夕方の匂い

マグロの鎌

第1話

ついさっきまで雨が降っていたとは思えないほどに、綺麗な夕焼けがこの街を包んでいた。太陽の影となって真っ黒となったカラスの鳴き声、パチパチと音をたて点灯し始める街灯、家々から放たれる夕飯の匂い。

これが、僕が小学生の頃から変わらない夕方の情景だ。

コンクリートブロックが積み上げられた壁に、緑の表札が貼られた電柱、停止線と止まれと書かれた道路。カーブミラーを覗くと人の影は僕のものしか見られなかったので、僕は口笛を吹き始める。頭に浮かんだテキトウな曲を次々と奏でる。サビだけを演奏することもあれば、イントロだけ演奏し、違う曲のAメロに入ったりと、ここではなんでもありだった。だから、たまに自分のオリジナルを混ぜたりもした。

ついこの前までは当たり前だったこんな夕方の風景も、今では特別なものへと変わってしまったのだ。実家を出て、仕事に付き、結婚して、子供が生まれて……ここ数年の僕の人生は、とあるウイルスのせいで止まっていた時がいきなり動き出し、今まで失った分を取り戻すかのように高速で針が回っているようだった。もしかしたら、ウイルスなど関係なく、大学生から社会人になるということは時間を忘れてしまうほどに忙しいものなのかもしれないが。

しかしこうして、久しぶりに生まれ育った街へ帰ってくると、変わらない風景が疲れ切った心の処方箋として作用していることが身に染みてわかる。そして、自分の体と心がいかにボロボロになっていたのかと言うことも。

「はぁ」

そう一つため息をつき、今まで歩いてきた道を振り返る。ちょうど公園に続く坂を降りていたということもあり、夕日は道路に隠れ、左右の豪邸からは犬の鳴き声が聞こえてきた。
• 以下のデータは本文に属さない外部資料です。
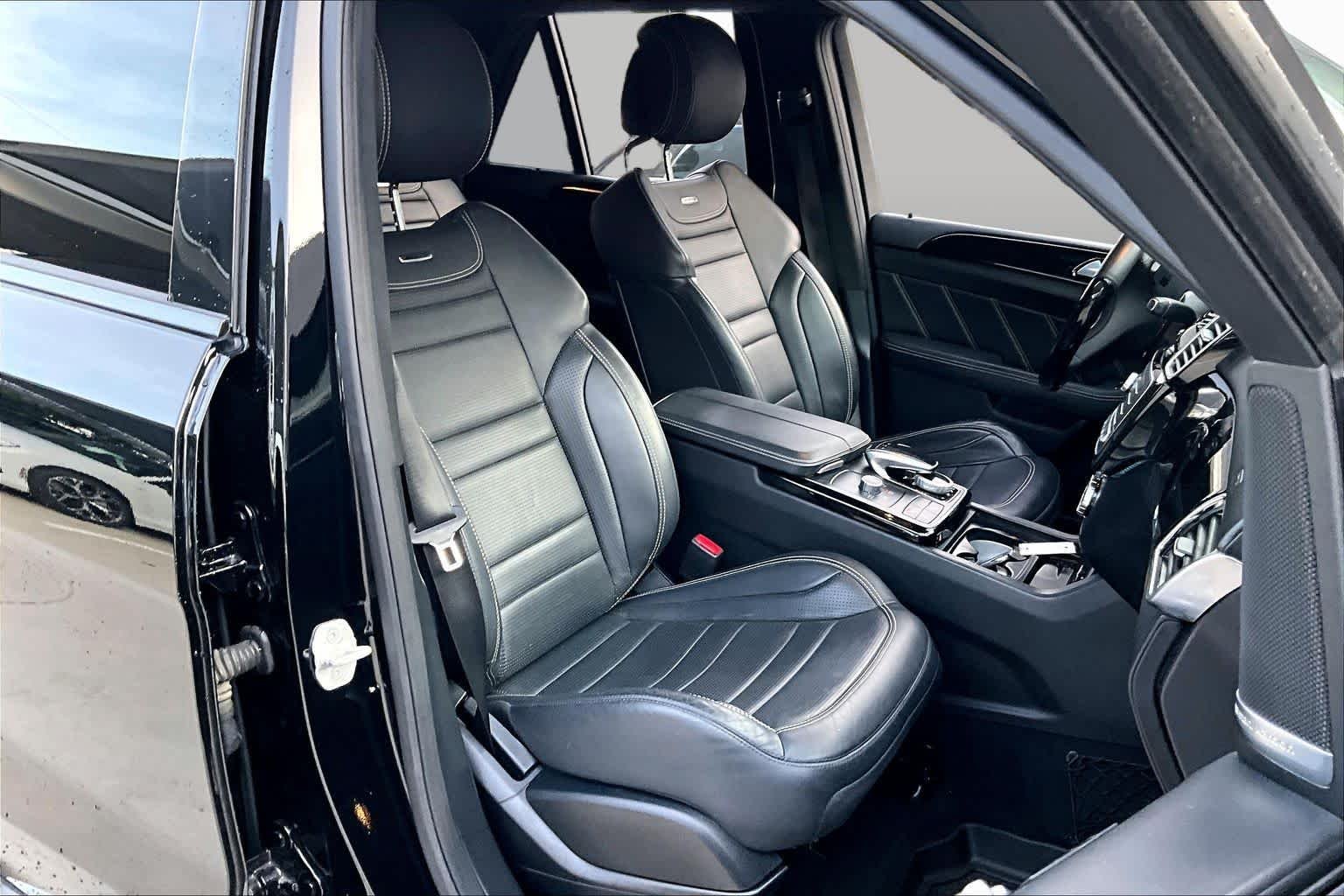 Used 2018 Black Mercedes-Benz AMG® GLE 63 image 9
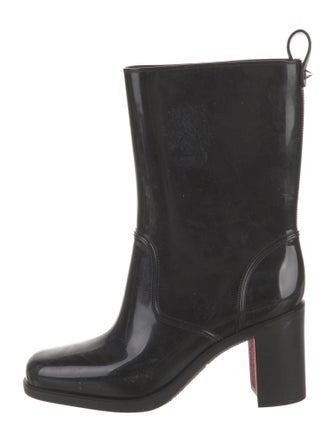 Christian Louboutin Rubber Rain Boots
その景色を忘れないように気おつけながら目をつぶると、遠くからはおばさんたちが買い物袋を抱えながら、「最近うちの旦那が……」「それを言うなら私の息子が……」などと油を売っている様子が見なくとも想像できた。さらにその奥からは黄色いカバーが掛かったランドセルを背負った子供たちや、バスタオルを頭に巻いた塩素の匂いのするプール帰りの女の子、膝を擦りむいて痛いのを我慢しながら家まで歩く男の子。そのほかにも、自転車を押しながら初めて一緒に帰る中学生カップル、部活帰りに自販機の前で炭酸飲料片手に屯するバスケ部、ワイシャツの第二ボタンを開けて中のTシャツを見せると言った着崩し方をする茶髪の高校生集団。そんな風景がこの道の向こうでは広がっているんだと想像しながら鼻を啜るように匂いを嗅ぐ。

鼻は海馬と直接繋がっているとどこかで聞いたことがあったが、それは間違いないだろうと思う。なぜなら、この車の排気ガスやタイヤの擦れた匂い、生ゴミや様々な夕飯が混合した匂い、コンクリートや植物から常に放たれる匂いが混じり合ってできた『夕方の匂い』を嗅ぐだけでまるで、この街で過ごしていたあの頃に戻ったような気がしたからだ。

父に「母には内緒だぞ」と二人で飲んだコーラの味、母と塾帰りによく寄った肉屋の油の匂い、父と母の間に挟まれて歩いたこの街。

ああそうか、僕はもう変わらない風景の中にいるのではなく、子供に変わらない風景を作ってあげる側なのか。

僕は今住んでいるあの無機質な街を思い出す。

きっとあんな、電信柱一つなく、道路のコンクリートに当然ひび割れなどないようなあの綺麗な風景ですら、子供達からすれば古めかしくて懐かしいセピア色の思い出となるのだろう。そして、あの街の匂いが彼らにとっての夕方の匂いなのだろう。

そう思うと、重かったはずの妻と子の待つ家への足取りは軽くなっていた。